(Records from a dataset)
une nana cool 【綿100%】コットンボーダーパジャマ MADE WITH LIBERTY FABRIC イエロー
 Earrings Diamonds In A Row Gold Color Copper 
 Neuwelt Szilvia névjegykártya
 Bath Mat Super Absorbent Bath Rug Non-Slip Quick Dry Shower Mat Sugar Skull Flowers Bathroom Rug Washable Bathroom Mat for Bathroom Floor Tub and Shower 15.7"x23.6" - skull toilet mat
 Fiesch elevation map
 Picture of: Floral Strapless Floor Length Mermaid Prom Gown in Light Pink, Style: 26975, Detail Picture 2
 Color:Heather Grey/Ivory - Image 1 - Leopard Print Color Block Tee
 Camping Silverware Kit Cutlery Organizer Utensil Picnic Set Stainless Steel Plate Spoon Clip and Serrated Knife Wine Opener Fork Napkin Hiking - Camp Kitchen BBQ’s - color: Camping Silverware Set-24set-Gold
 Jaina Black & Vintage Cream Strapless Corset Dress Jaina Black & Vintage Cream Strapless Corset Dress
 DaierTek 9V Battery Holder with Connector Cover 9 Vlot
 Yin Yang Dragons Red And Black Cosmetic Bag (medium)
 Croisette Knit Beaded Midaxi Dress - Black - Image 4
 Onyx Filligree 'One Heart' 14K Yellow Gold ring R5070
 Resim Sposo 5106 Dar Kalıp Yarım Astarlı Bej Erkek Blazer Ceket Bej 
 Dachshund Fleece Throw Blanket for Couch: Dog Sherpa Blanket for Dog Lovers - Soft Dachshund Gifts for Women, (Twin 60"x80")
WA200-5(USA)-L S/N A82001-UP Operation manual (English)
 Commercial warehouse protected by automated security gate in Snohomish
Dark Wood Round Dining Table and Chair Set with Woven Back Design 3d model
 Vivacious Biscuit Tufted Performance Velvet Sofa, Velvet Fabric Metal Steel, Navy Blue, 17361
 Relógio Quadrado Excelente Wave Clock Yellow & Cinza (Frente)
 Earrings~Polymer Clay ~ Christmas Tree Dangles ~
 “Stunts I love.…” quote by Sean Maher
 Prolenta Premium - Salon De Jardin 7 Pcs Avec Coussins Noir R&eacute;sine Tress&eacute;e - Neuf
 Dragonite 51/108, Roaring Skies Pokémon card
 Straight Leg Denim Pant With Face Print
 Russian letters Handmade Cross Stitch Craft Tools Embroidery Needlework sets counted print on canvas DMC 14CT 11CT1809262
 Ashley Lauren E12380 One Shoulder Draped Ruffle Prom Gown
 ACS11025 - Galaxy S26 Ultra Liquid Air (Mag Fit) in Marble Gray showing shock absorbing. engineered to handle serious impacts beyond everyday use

- THE PROBLEM:
Write out an exact transcription of the line with "Onyx Filligree 'One" and of each line after it; stop at the end of the records.

- TASK RESULT:
 Onyx Filligree 'One Heart' 14K Yellow Gold ring R5070
 Resim Sposo 5106 Dar Kalıp Yarım Astarlı Bej Erkek Blazer Ceket Bej 
 Dachshund Fleece Throw Blanket for Couch: Dog Sherpa Blanket for Dog Lovers - Soft Dachshund Gifts for Women, (Twin 60"x80")
WA200-5(USA)-L S/N A82001-UP Operation manual (English)
 Commercial warehouse protected by automated security gate in Snohomish
Dark Wood Round Dining Table and Chair Set with Woven Back Design 3d model
 Vivacious Biscuit Tufted Performance Velvet Sofa, Velvet Fabric Metal Steel, Navy Blue, 17361
 Relógio Quadrado Excelente Wave Clock Yellow & Cinza (Frente)
 Earrings~Polymer Clay ~ Christmas Tree Dangles ~
 “Stunts I love.…” quote by Sean Maher
 Prolenta Premium - Salon De Jardin 7 Pcs Avec Coussins Noir R&eacute;sine Tress&eacute;e - Neuf
 Dragonite 51/108, Roaring Skies Pokémon card
 Straight Leg Denim Pant With Face Print
 Russian letters Handmade Cross Stitch Craft Tools Embroidery Needlework sets counted print on canvas DMC 14CT 11CT1809262
 Ashley Lauren E12380 One Shoulder Draped Ruffle Prom Gown
 ACS11025 - Galaxy S26 Ultra Liquid Air (Mag Fit) in Marble Gray showing shock absorbing. engineered to handle serious impacts beyond everyday use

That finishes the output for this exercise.